Start of Exercise data
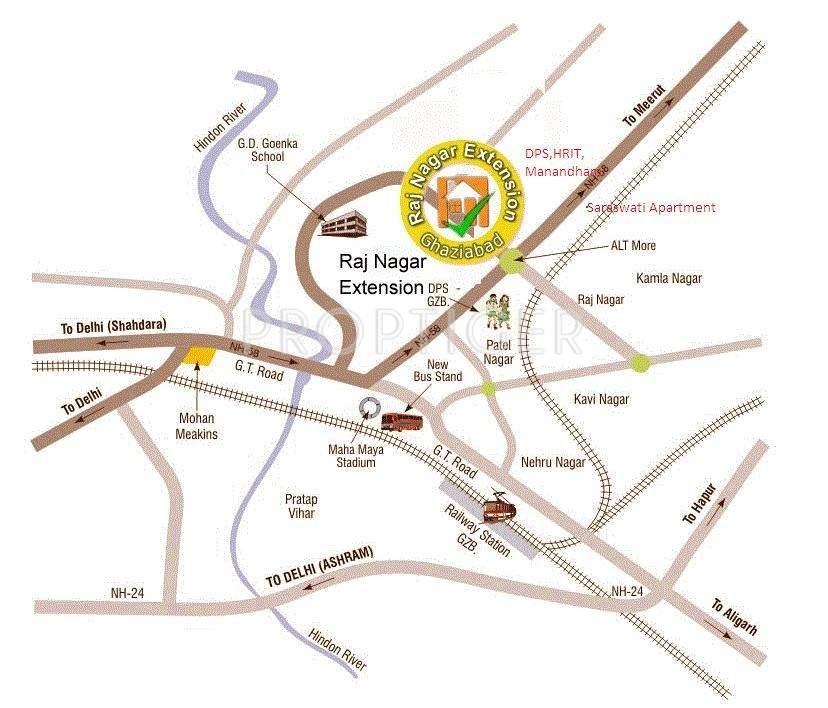  residency Images for Location Plan of Bliss Residency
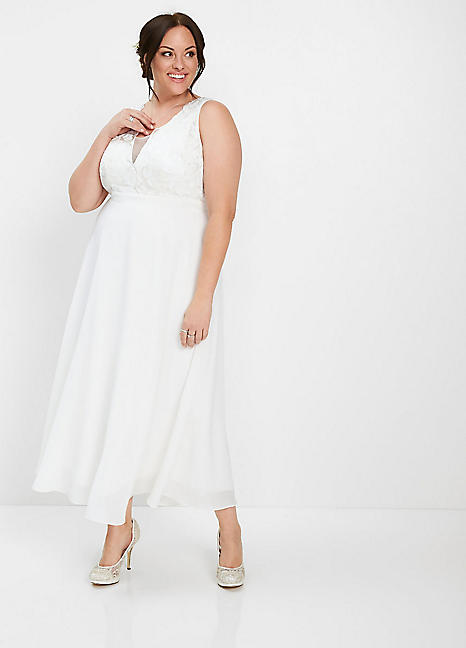 Sequin Embellished Bridal Dress by 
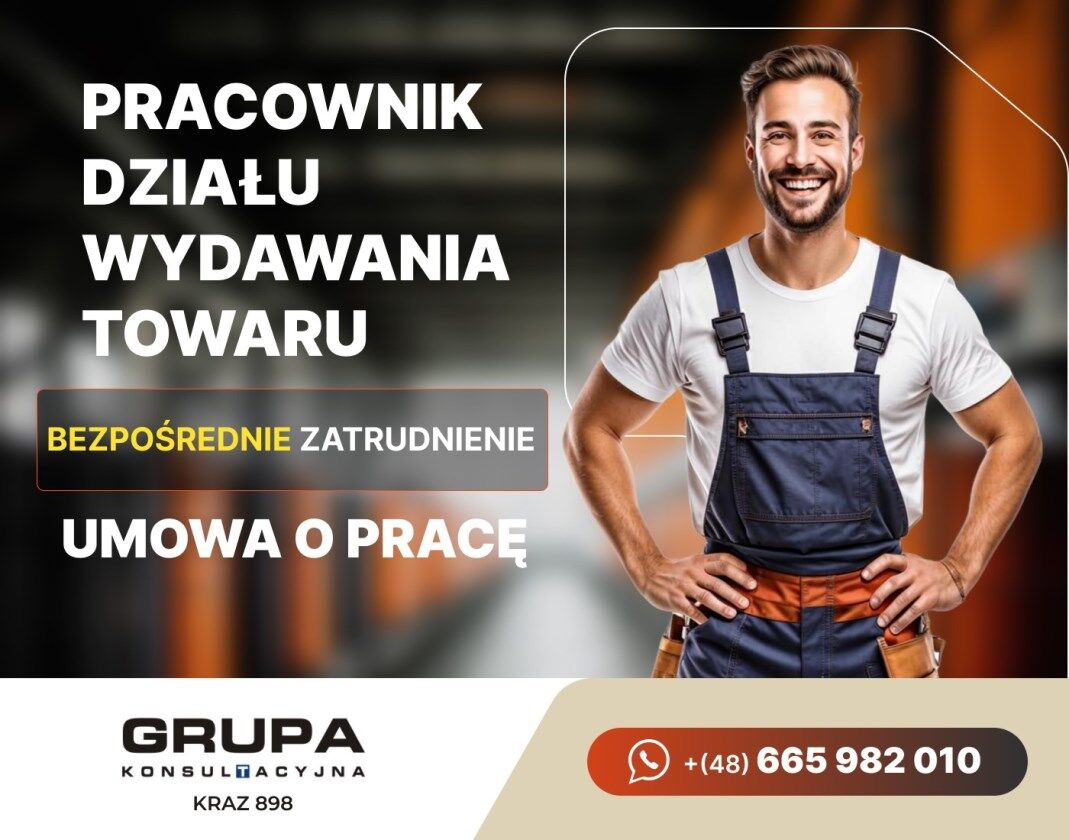 Pracownik Działu Wydania Towaru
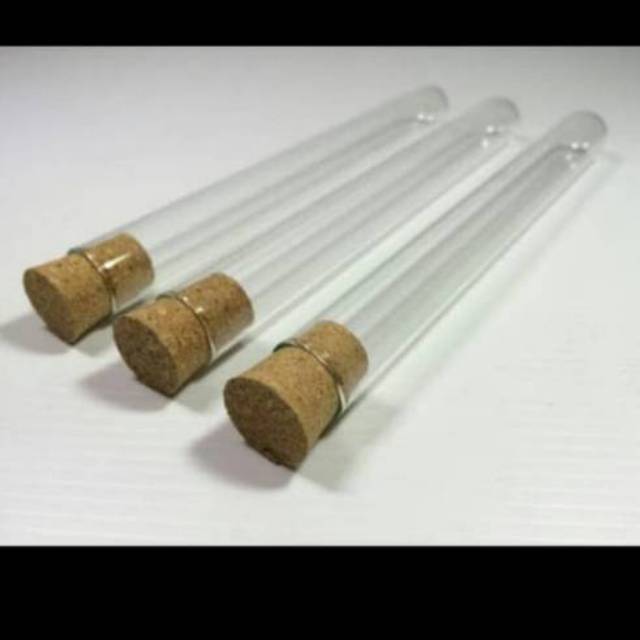 Tabung reaksi 16mm tutup gabus tabung kaca untuk souvenir
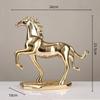 Creative Golden Horse Desktop Decoration Resin Crafts Simulated Animal Sculpture Lucky Horse Decorative Figurines Home Decoratio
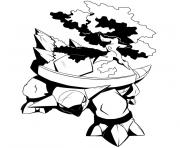 Coloriage pokemon torterra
End of Exercise data
The problem: Where the line containing "Tabung reaksi 16mm" appears, begin writing out the lines word for word, and continue through the last line of the data, leaving out pictures.

Solution to the exercise:
 Tabung reaksi 16mm tutup gabus tabung kaca untuk souvenir
 Creative Golden Horse Desktop Decoration Resin Crafts Simulated Animal Sculpture Lucky Horse Decorative Figurines Home Decoratio
 Coloriage pokemon torterra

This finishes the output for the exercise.